WHAT IS BEING ASKED: All lines with the word "Years" are to be found and copied from the listing.

EXCERPTED DATA:
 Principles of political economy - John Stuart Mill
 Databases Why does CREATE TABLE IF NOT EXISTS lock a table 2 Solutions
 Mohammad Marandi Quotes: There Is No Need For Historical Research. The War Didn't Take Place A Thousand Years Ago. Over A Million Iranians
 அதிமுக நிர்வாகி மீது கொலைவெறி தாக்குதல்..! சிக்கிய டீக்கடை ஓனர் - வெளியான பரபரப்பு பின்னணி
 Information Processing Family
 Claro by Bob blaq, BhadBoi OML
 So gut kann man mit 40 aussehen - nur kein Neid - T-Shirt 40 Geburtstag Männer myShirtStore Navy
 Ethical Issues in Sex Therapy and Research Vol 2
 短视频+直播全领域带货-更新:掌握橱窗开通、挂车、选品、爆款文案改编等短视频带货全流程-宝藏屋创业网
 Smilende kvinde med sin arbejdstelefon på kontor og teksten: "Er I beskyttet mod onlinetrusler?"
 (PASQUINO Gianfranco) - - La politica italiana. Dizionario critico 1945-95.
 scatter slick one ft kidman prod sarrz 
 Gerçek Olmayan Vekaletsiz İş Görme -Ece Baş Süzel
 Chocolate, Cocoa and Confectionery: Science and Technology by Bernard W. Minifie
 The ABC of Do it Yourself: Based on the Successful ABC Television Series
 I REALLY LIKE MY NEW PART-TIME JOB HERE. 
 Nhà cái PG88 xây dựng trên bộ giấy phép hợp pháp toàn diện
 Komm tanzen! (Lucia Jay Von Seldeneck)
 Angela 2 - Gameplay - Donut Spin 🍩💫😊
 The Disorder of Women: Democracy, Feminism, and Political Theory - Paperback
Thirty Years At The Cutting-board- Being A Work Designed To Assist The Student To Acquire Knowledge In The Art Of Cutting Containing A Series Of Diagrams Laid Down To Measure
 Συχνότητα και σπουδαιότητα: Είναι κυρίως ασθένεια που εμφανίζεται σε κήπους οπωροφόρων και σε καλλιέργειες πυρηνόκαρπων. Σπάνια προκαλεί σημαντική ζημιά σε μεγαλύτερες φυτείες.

SOLUTION TO THE PROBLEM:
 Mohammad Marandi Quotes: There Is No Need For Historical Research. The War Didn't Take Place A Thousand Years Ago. Over A Million Iranians
Thirty Years At The Cutting-board- Being A Work Designed To Assist The Student To Acquire Knowledge In The Art Of Cutting Containing A Series Of Diagrams Laid Down To Measure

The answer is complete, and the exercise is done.